Getting to Medellín’s Museo del Arte Moderno is easy. Take the metro to the Súramerica stop and on your way out ask one of the (reassuring?) armed men in fatigues for directions. In slow-paced, precise Spanish they’ll tell you exactly — including street names and number of blocks — how to get to the Museo Sudamericana.
At least that’s the way it worked for me. The guards might instead – as one woman I asked did – direct you to take a bus heading right out of the area. In other words, you could do worse than starting your visit to MAMM, as the modern museum is called, by dropping into Museo Sudamericana. First of all, it’s on the way. Second, it’s free. Third, it’s the first step in making a trip the Medellín Art Museum worth the metro fare.
See, the MAMM simply isn’t very big. Like, only-one-gallery big. So – provided you have tolerance for a bit of amateur art – it’s best to make it a three-stop trip. Museo Sudamericana (we’ll call it MS from now on – but don’t think of the degenerative disease).

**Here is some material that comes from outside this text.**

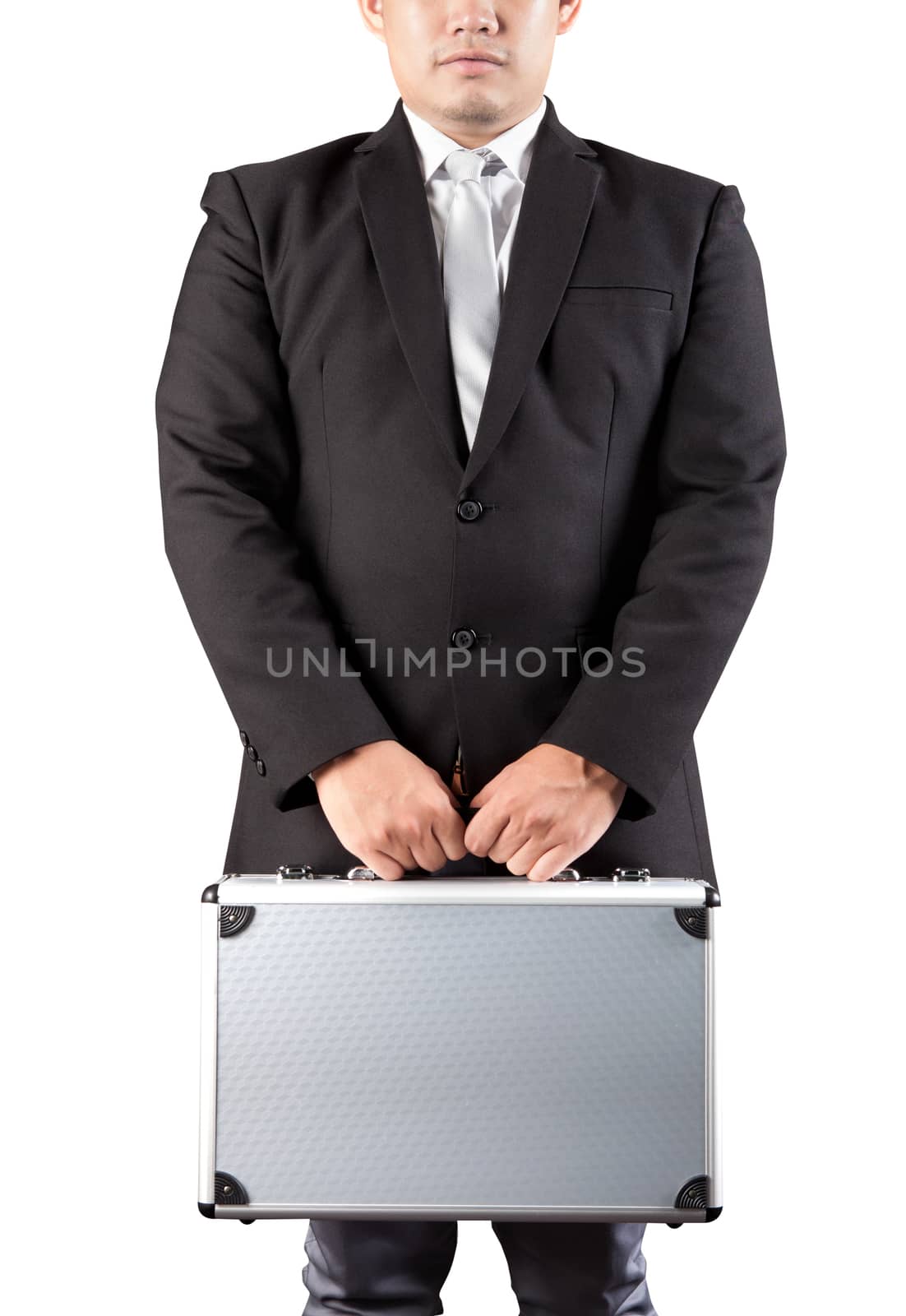 young business man holding strong metal briefcase in hand isolat by khunaspix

Treat the MS like MAMM’s lobby. After all, the museum is housed in a lobby; the guard will tell you not to stray up the prominent staircase. On a recent afternoon the single sala was filled with work by homegrown Colombian artists; in other words, members of the city photo club. There were photos of graveyards under purple skies; bony models Photoshop-ed into desert scenes; closeups of bugs, switches, mugs; and a series showing two blue-suited motorcyclists clutching each other before a white screen. Best viewed with compassion and a sense of humor.
As with Medellín premier public art collection, the Museo de Antioquia, what lies outside the MS rivals what hangs within. Sculptures are scattered under the building’s huge cantilevered overhang and the fronting garden, but the real gem is the fountain behind the building. Immense bodies and limbs spiral toward the sky almost as improbably as the water which, thanks to a number of pumps, runs up the flat spine of the sculpture.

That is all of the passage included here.